Loading...
Bot

Key logger and screenshot bot/malware

The Origin: Understanding Background Processes (2024) Every software engineer eventually wants to understand how programs interact directly with a computer's hardware. Back in 2024, my goal was to learn how operating systems handle keyboard inputs and screen rendering. To answer this, I built a basic system monitoring tool in Python.

The original iteration was functional but fragmented. I wrote separate scripts: one used pynput to listen to global keystrokes and save them to a text file, while another used pyautogui to snap pictures of the screen. Both scripts connected to Discord to upload the files. It worked perfectly as a proof-of-concept on Windows, but running multiple scripts that fought for the same API connection was inefficient.

The Evolution: Moving to Linux and Better Architecture (Present) Recently, I transitioned to using Fedora Linux with KDE Plasma as my main operating system. When I brought this older project over to my new OS, it immediately broke due to Linux's strict security rules. Fixing it forced me to completely re-architect the codebase.

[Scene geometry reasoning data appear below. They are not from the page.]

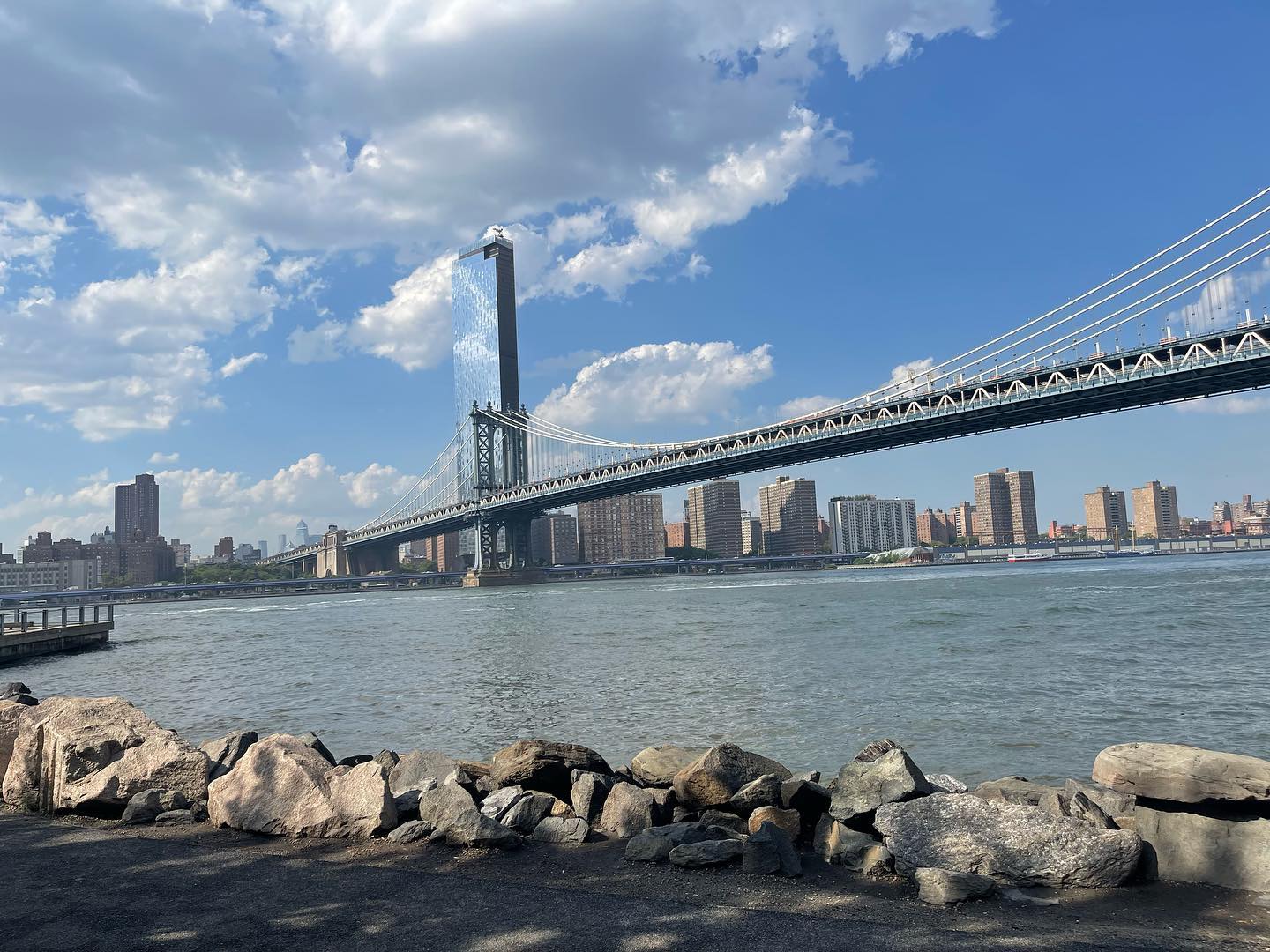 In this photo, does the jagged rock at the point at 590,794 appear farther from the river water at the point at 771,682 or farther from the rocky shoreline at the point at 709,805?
the river water at the point at 771,682

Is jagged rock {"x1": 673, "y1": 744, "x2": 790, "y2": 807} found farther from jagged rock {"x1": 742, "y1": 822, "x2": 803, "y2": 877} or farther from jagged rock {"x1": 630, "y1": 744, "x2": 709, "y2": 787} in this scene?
jagged rock {"x1": 742, "y1": 822, "x2": 803, "y2": 877}

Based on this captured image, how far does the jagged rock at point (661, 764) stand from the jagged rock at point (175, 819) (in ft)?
11.6

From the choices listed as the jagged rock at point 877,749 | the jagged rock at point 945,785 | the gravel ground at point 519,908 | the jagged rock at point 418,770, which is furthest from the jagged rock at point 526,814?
the jagged rock at point 945,785

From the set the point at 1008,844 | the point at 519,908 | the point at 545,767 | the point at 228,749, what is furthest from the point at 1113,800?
the point at 228,749

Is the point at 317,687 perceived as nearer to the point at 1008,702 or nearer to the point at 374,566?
the point at 1008,702

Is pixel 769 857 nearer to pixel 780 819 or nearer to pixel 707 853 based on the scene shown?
pixel 707 853

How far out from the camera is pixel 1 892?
500 centimetres

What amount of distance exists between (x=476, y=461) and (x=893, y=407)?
61988 millimetres

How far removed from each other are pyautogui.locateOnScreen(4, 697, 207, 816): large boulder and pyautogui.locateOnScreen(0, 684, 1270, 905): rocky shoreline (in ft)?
0.05

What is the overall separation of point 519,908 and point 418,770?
3.51 meters

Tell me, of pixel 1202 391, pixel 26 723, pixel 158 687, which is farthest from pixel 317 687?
pixel 1202 391

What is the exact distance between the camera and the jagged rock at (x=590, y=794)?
6773 mm

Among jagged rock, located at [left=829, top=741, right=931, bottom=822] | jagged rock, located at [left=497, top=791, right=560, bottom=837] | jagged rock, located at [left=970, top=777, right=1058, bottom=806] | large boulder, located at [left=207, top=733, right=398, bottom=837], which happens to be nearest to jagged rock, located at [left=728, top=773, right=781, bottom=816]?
jagged rock, located at [left=829, top=741, right=931, bottom=822]

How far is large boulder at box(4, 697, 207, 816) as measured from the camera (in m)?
6.91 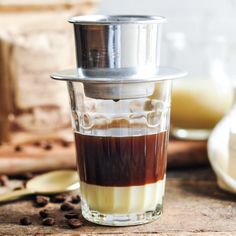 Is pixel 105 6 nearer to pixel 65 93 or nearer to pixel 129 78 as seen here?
pixel 65 93

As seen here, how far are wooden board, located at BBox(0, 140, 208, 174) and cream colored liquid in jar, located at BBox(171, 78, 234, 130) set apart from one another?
0.36 feet

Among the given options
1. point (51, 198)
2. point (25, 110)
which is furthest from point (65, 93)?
point (51, 198)

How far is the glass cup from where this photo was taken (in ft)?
3.24

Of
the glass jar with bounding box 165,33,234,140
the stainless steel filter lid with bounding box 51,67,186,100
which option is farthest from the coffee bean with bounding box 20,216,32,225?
the glass jar with bounding box 165,33,234,140

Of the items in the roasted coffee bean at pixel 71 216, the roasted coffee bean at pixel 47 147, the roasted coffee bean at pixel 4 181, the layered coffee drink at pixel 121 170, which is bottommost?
the roasted coffee bean at pixel 47 147

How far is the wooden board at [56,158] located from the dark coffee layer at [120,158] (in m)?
0.33

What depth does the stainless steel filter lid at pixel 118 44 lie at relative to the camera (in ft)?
3.23

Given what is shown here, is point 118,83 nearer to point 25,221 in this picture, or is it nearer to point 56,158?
point 25,221

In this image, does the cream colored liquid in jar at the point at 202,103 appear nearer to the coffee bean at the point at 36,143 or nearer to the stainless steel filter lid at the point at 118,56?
the coffee bean at the point at 36,143

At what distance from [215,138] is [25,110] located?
1.55 feet

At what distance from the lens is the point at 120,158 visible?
102 centimetres

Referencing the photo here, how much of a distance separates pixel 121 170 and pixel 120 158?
19 millimetres

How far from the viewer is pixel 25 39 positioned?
1492 millimetres

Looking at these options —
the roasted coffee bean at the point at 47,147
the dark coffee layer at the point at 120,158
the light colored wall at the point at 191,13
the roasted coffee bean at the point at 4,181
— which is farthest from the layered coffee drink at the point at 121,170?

I redesigned the project to meet professional software standards, which is exactly the kind of systems-level problem-solving I want to pursue in computer science:

  • Unified Asynchronous Bot: Instead of having two separate scripts fight to log into the same Discord bot, I combined the exfiltration logic into a single Object-Oriented class. Using discord.py's background tasks, the bot now smoothly handles uploading text files and images on a 10-second loop without freezing or crashing.
  • Concurrent Processing: I created a central main.py orchestrator that uses Python's subprocess module to launch the keylogger and the Discord bot side-by-side. They run simultaneously as independent processes, meaning the system can log fast typing without being interrupted by the screenshot timer.
  • Navigating OS Security: Porting this to Linux taught me a lot about system permissions. Fedora defaults to the Wayland display server, which actively blocks background apps from recording the screen or logging keys for security reasons. I had to research OS architectures and switch my desktop environment to X11 so my script had the necessary system-level permissions to capture inputs.
  • Credential Security: I stripped my hardcoded Discord API tokens out of the source code and implemented a .env system, ensuring the tool can be safely uploaded to public repositories without leaking sensitive passwords.

bot1.png 15.11 KB
Another thing to note, when I originally made this, I tested it out on a malware detection site to see if it would be detected as malware by windows. These sites actually test any files you upload to them so antivirus companies can be more prepared. So for a few months I would get pings from the discord server of the bot of screenshots of random virual machines.

Technical Growth and Takeaways This project represents my transition from writing simple, single-task scripts to designing a consolidated application that handles multiple background tasks at once. Working through the display server quirks on Linux gave me a much deeper understanding of how software interacts with the operating system it runs on. It transformed a basic coding experiment into a solid lesson in system telemetry, concurrent processing, and secure API design.